Shorts: Mideast

U.S. bomb victim comes out of coma

jerusalem (ap) | A 16-year-old American tourist, critically wounded in last week’s suicide bombing in Tel Aviv, woke up Tuesday, April 25 from a nine-day coma.

Daniel Wultz, a high school student from Weston, Fla., was in Israel with his parents to visit relatives during Passover. He and his Israeli-born father, Tuly, were having lunch near Tel Aviv’s central bus station April 17, when a Palestinian suicide bomber ignited 10 pounds of explosives at the entrance of a falafel restaurant. The bomb killed nine people and wounded dozens.

According to a Tel Aviv hospital spokeswoman, Wultz likely will recover from his injuries, though his condition remains critical.

Haniyeh has three sisters in Israel

jerusalem (ynetnews) | The Palestinian Authority’s Hamas prime minister has three sisters in Israel.

Three of Ismail Haniyeh’s sisters are married to Israeli Arabs and live in the Negev town of Tel Sheva.

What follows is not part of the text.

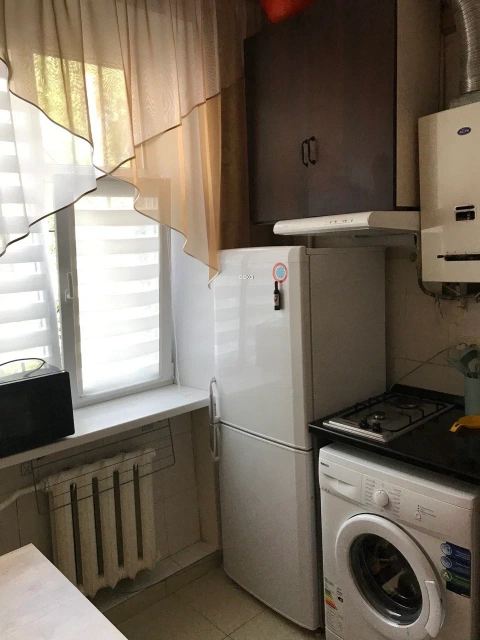 Ставропольский край, г Минеральные Воды, пр-кт Карла Маркса, д 78, кв 1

The women enjoy Israeli residency status and used to receive regular visits from Haniyeh, who lives in the nearby Gaza Strip.

Because of Haniyeh’s involvement in Hamas, however, he has been banned from entering the Jewish state for years.

Israel on high alert after Sinai blasts

jerusalem (jta) | Israeli security forces were on highest alert following the explosions at a Sinai beach resort area.

The Monday, April 24 attack in Dahab, which appears to have been engineered by al Qaida operatives, killed at least 24 people, including a German child. Among more than 60 injuries, there were at least three wounded Israelis, the Jerusalem Post reported.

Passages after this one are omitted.